I don’t know about you, but I have been obsessing as of late about two seemingly unrelated and highly debated topics in the art world: Leonardo Da Vinci’s Salvator Mundi and NFTs.
Whatever happened to the painting Salvator Mundi, that sold at Christie’s in 2017 for $450 million and has never been seen again? Its whereabouts are in question. Switzerland? MBS’ Yacht?
In a new documentary that has aired on French television, The Savior for Sale, anonymous sources make the claims that the Louvre questioned the attribution of the painting to Leonardo Da Vinci. Did Saudi Arabia’s Crown Prince MBS unknowingly buy a painting loosely attributed to Leonardo Da Vinci? We will probably never know.

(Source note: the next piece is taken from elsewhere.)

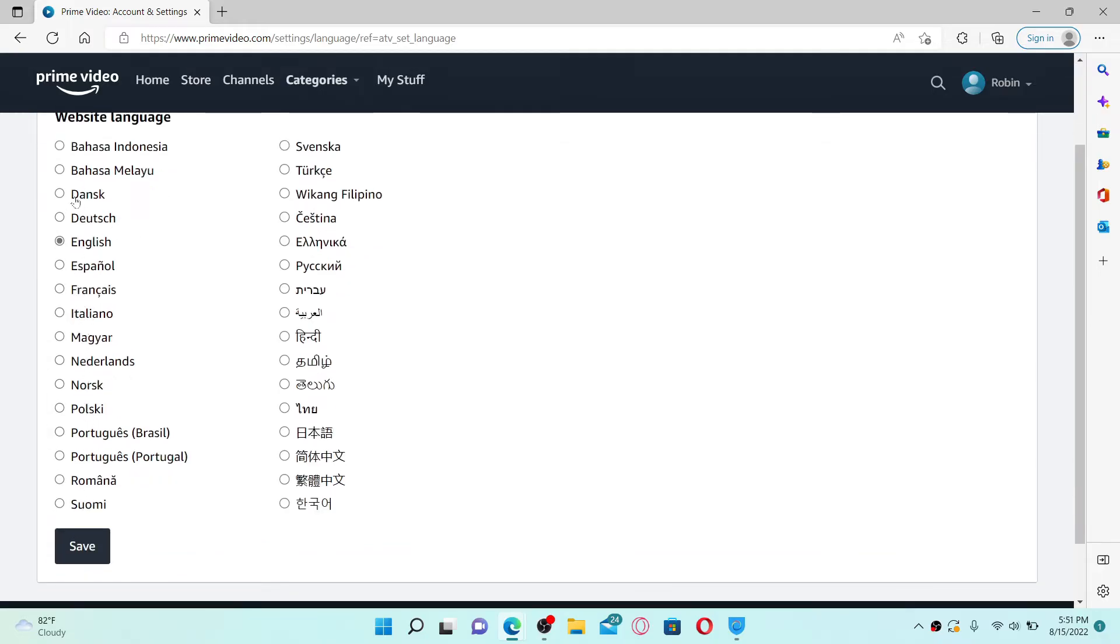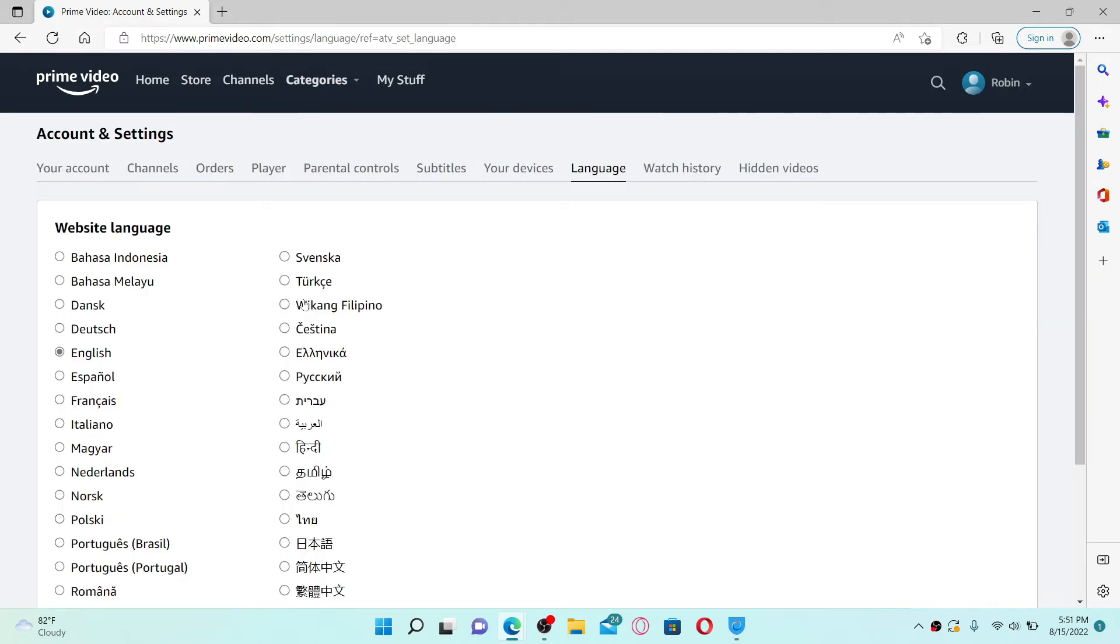Once you choose your language, click Save and that way you'll be able to change your language for Amazon Prime Video.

Which leads me to the fascination for NFTs. I must admit, at first I found it very confusing; dismissed it as a fad, as pure speculation.
Yet, I have come to see the possibilities; the real life applications. Brick-and-mortar galleries specializing in NFT art are popping up all over the United States.
But ultimately, it is not what NFTs do to digital art that will revolutionize the art world, it is the Non Fungible Token itself, this digital certificate of authenticity (A.k.a. NFT) and its many applications for all kinds of artists that will.
Which brings me back to Leonardo Da Vinci. What if Leonardo Da Vinci had created and attached an NFT to authenticate his Salvator Mundi? What if encrypted in the NFT was Da Vinci’s right to royalties each time the painting sold?
Now, I can see why NFTs are so revolutionary. You?